Crawled caption data:
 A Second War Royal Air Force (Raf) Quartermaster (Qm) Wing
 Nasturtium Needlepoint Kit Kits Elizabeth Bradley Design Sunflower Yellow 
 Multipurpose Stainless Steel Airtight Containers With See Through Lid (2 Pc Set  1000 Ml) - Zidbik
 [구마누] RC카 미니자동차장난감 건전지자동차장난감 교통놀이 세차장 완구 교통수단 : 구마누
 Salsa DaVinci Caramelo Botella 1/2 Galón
--
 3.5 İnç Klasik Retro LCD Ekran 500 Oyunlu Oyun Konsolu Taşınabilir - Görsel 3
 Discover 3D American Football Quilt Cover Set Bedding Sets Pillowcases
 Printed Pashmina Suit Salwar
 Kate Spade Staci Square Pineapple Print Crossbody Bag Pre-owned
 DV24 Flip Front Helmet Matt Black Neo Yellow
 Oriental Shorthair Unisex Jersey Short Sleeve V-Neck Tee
...
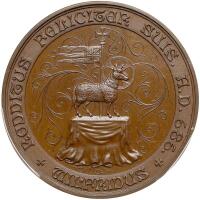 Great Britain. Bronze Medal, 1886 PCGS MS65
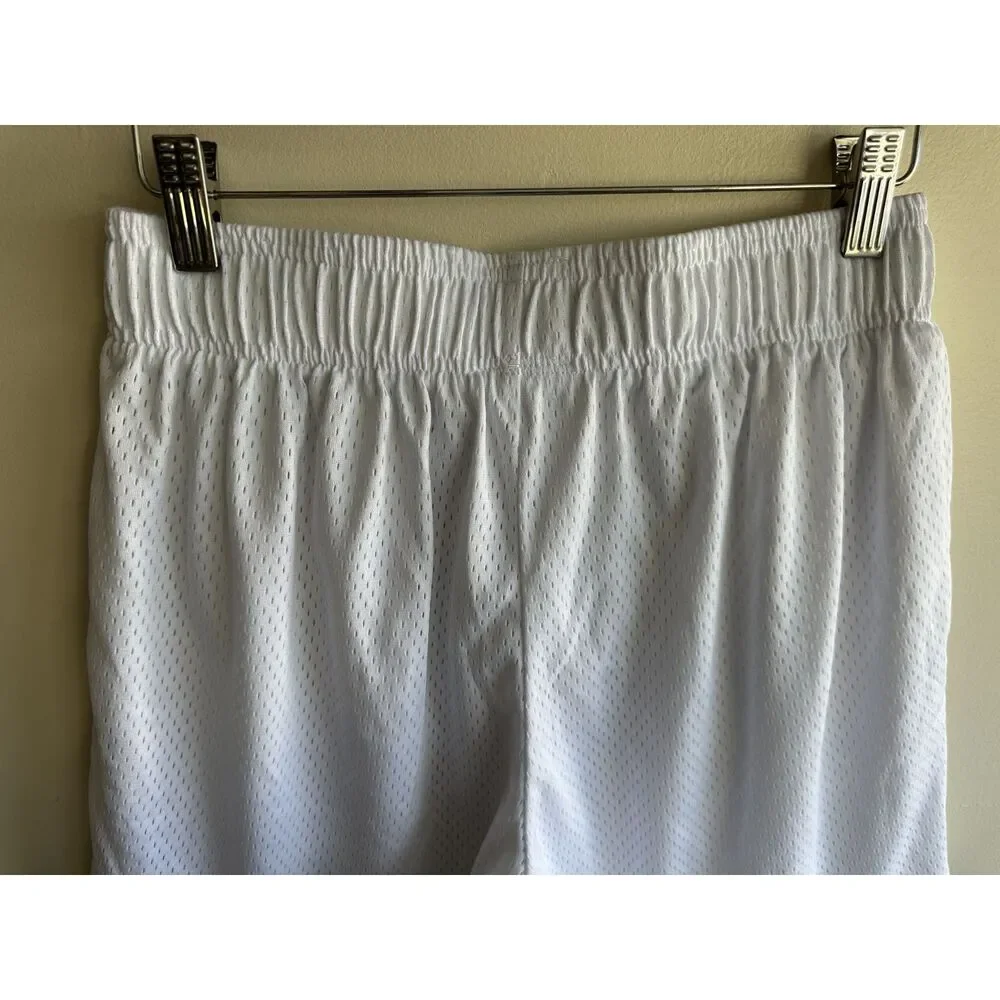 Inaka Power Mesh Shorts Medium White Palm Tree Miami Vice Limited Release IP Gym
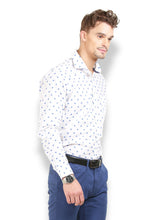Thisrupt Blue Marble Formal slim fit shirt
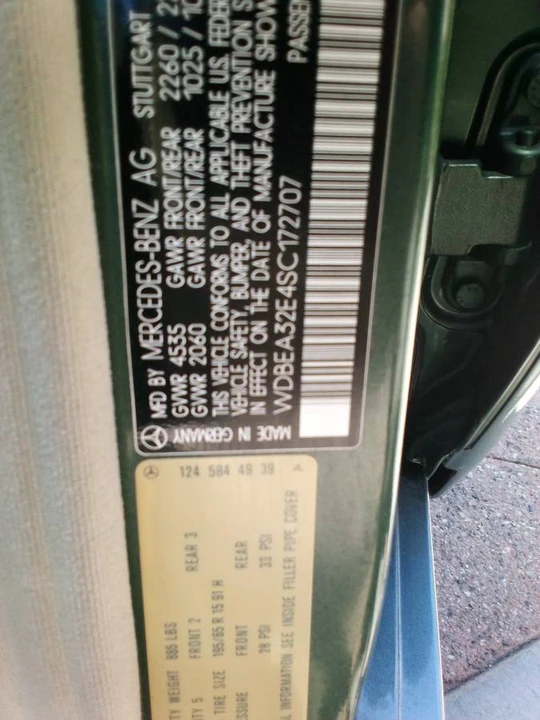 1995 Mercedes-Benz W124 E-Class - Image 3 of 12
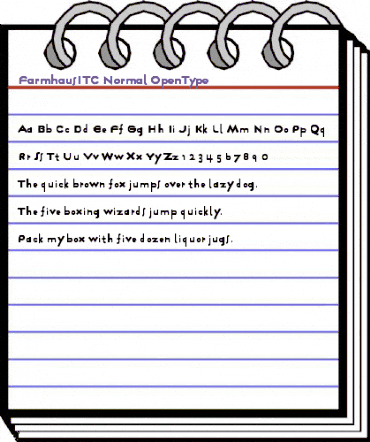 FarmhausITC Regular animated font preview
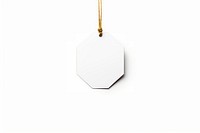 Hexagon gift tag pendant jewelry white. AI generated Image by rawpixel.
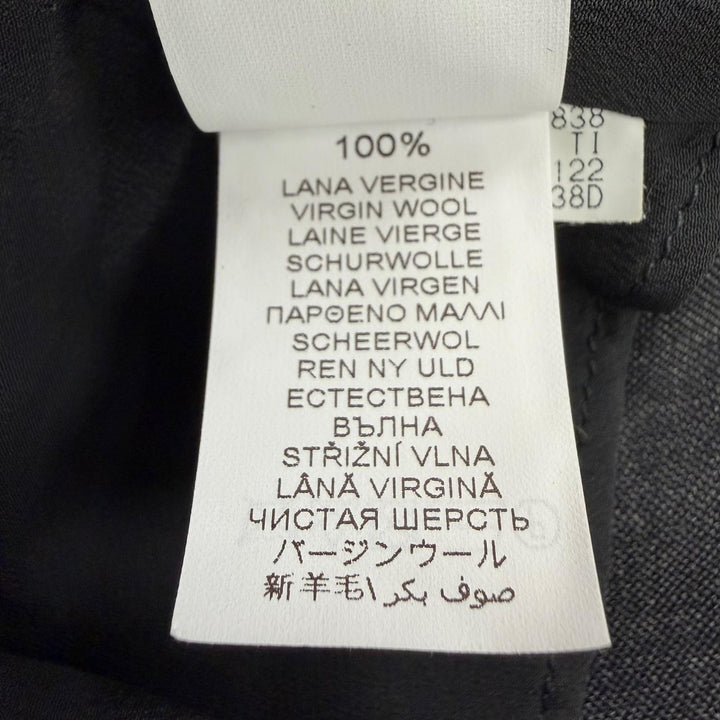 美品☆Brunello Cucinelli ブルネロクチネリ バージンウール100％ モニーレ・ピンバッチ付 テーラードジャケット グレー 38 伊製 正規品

§ **Exercise requirements**
In the entries above, find the line with "Inaka Power Mesh" and the line with "美品☆Brunello Cucinelli ブルネロクチネリ". Return exactly those lines and all the ones between them, pictures excluded.

§ **Task answer**
 Inaka Power Mesh Shorts Medium White Palm Tree Miami Vice Limited Release IP Gym
Thisrupt Blue Marble Formal slim fit shirt
 1995 Mercedes-Benz W124 E-Class - Image 3 of 12
 FarmhausITC Regular animated font preview
 Hexagon gift tag pendant jewelry white. AI generated Image by rawpixel.
 美品☆Brunello Cucinelli ブルネロクチネリ バージンウール100％ モニーレ・ピンバッチ付 テーラードジャケット グレー 38 伊製 正規品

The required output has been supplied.